* [REQUIRED WORK] Retype the whole listing exactly. Leave out pictures.

* [SOURCE MATERIAL]
········
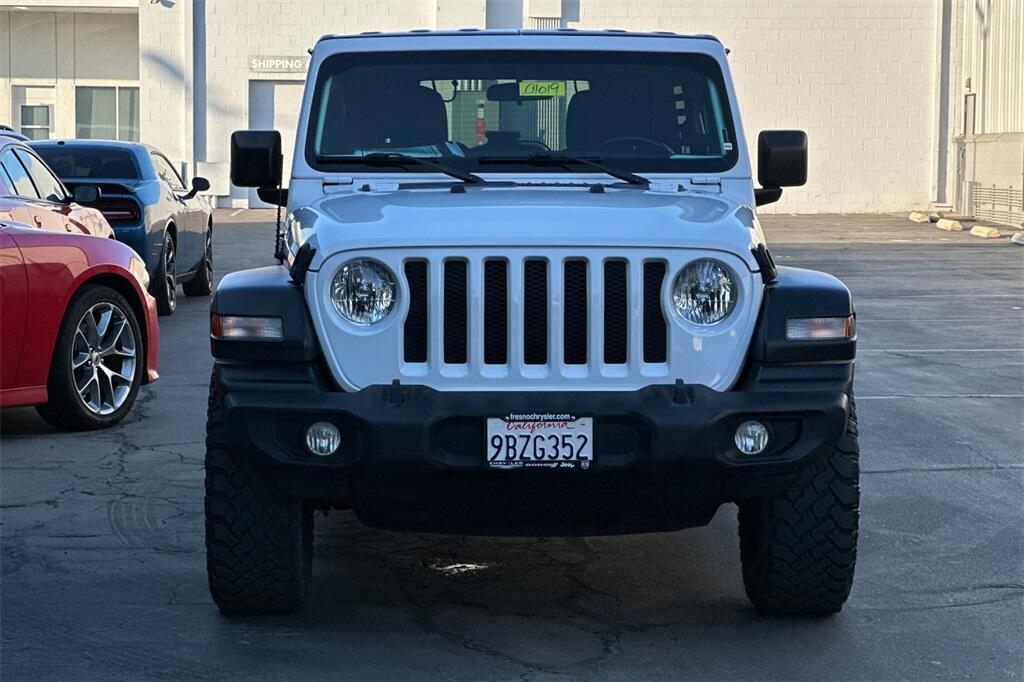 used 2022 Jeep Wrangler Unlimited car, priced at $29,137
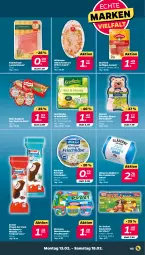 Gazetka promocyjna Netto - Woche 7 - Gazetka - ważna od 18.02 do 18.02.2023 - strona 5 - produkty: babybel, Berger, bio, butter, chili, dell, Dr. Oetker, ehrmann, frischkäse, frucht, Fruchtquark, Geflügel, Gläser, grünländer, gutfried, hähnchenbrust, Käse, Kinder, kinder pingui, Körniger Frischkäse, landschinken, milram, monster, mortadella, natur, Paula, pingui, quark, radeberger, reinert, salami, schinken, Ti, wiltmann, wurst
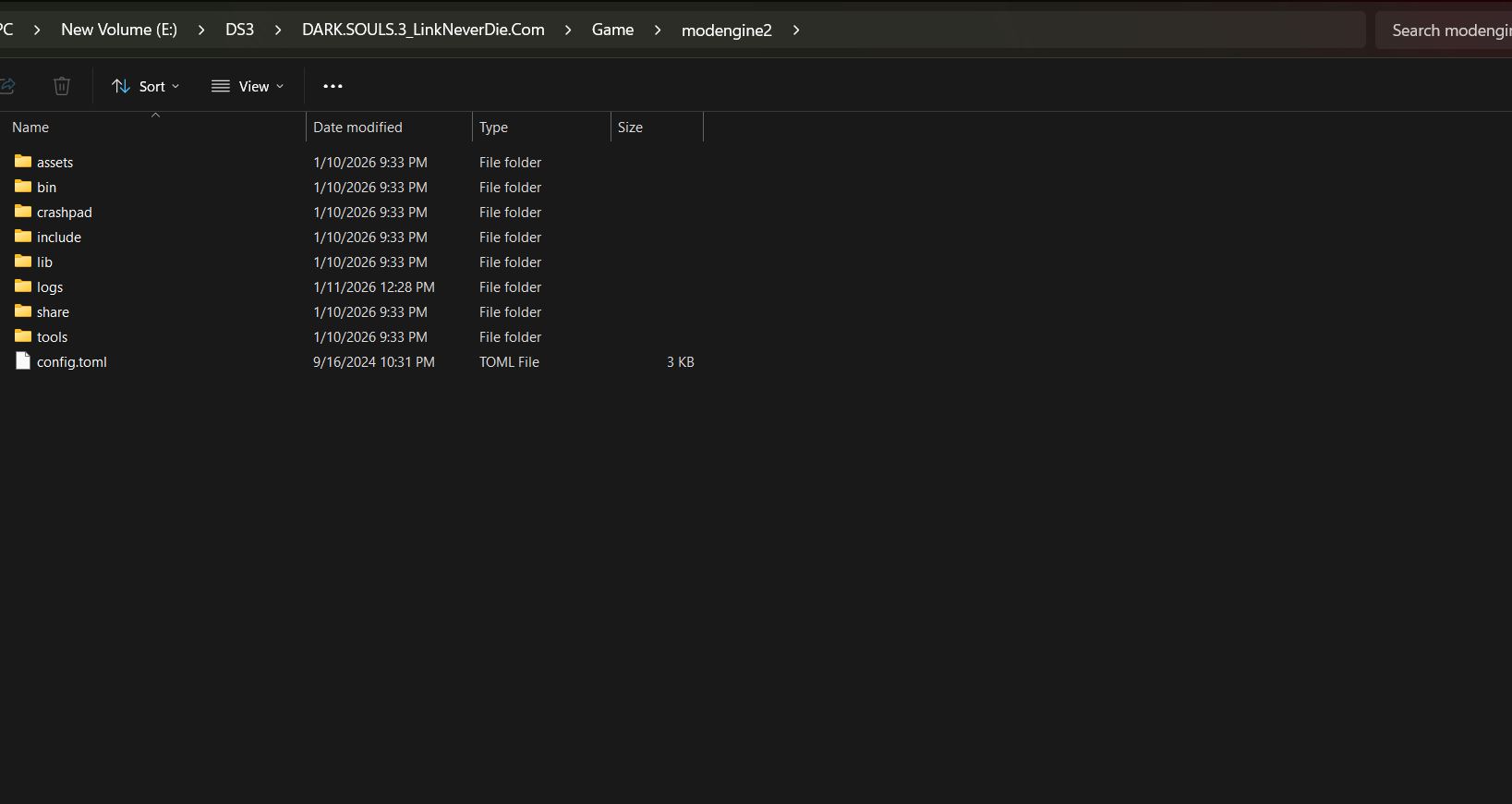 "Dark souls 3, Elden Ring" Không thể dùng mod nếu mở game bằng LND Launcher "Dark souls 3, Elden Ring" Không thể dùng mod nếu mở game bằng LND Launcher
········
* [ANSWER TO THIS EXERCISE]
 used 2022 Jeep Wrangler Unlimited car, priced at $29,137
 Gazetka promocyjna Netto - Woche 7 - Gazetka - ważna od 18.02 do 18.02.2023 - strona 5 - produkty: babybel, Berger, bio, butter, chili, dell, Dr. Oetker, ehrmann, frischkäse, frucht, Fruchtquark, Geflügel, Gläser, grünländer, gutfried, hähnchenbrust, Käse, Kinder, kinder pingui, Körniger Frischkäse, landschinken, milram, monster, mortadella, natur, Paula, pingui, quark, radeberger, reinert, salami, schinken, Ti, wiltmann, wurst
 "Dark souls 3, Elden Ring" Không thể dùng mod nếu mở game bằng LND Launcher "Dark souls 3, Elden Ring" Không thể dùng mod nếu mở game bằng LND Launcher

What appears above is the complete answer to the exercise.